◆ WORK INSTRUCTION:
Copy out all of the data that follows, exactly as it appears.

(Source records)
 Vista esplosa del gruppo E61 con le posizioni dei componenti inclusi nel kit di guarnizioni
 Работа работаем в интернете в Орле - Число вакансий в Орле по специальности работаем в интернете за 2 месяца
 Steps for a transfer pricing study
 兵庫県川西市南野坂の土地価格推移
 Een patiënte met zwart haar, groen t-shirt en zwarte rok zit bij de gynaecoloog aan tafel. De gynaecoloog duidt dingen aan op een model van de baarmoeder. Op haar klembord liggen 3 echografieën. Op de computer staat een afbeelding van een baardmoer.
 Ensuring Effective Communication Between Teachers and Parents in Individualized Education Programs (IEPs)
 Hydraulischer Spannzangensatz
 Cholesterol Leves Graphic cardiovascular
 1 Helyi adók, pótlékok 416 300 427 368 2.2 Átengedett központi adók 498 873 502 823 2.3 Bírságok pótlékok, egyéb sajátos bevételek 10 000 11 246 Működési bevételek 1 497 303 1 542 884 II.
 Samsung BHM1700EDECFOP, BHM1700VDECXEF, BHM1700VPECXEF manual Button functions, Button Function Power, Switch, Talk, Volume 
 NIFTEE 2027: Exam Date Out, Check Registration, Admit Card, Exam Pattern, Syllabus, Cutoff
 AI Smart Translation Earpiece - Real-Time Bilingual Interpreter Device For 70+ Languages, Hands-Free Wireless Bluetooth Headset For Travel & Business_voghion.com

◆ RESPONSE TO THE TASK:
 Vista esplosa del gruppo E61 con le posizioni dei componenti inclusi nel kit di guarnizioni
 Работа работаем в интернете в Орле - Число вакансий в Орле по специальности работаем в интернете за 2 месяца
 Steps for a transfer pricing study
 兵庫県川西市南野坂の土地価格推移
 Een patiënte met zwart haar, groen t-shirt en zwarte rok zit bij de gynaecoloog aan tafel. De gynaecoloog duidt dingen aan op een model van de baarmoeder. Op haar klembord liggen 3 echografieën. Op de computer staat een afbeelding van een baardmoer.
 Ensuring Effective Communication Between Teachers and Parents in Individualized Education Programs (IEPs)
 Hydraulischer Spannzangensatz
 Cholesterol Leves Graphic cardiovascular
 1 Helyi adók, pótlékok 416 300 427 368 2.2 Átengedett központi adók 498 873 502 823 2.3 Bírságok pótlékok, egyéb sajátos bevételek 10 000 11 246 Működési bevételek 1 497 303 1 542 884 II.
 Samsung BHM1700EDECFOP, BHM1700VDECXEF, BHM1700VPECXEF manual Button functions, Button Function Power, Switch, Talk, Volume 
 NIFTEE 2027: Exam Date Out, Check Registration, Admit Card, Exam Pattern, Syllabus, Cutoff
 AI Smart Translation Earpiece - Real-Time Bilingual Interpreter Device For 70+ Languages, Hands-Free Wireless Bluetooth Headset For Travel & Business_voghion.com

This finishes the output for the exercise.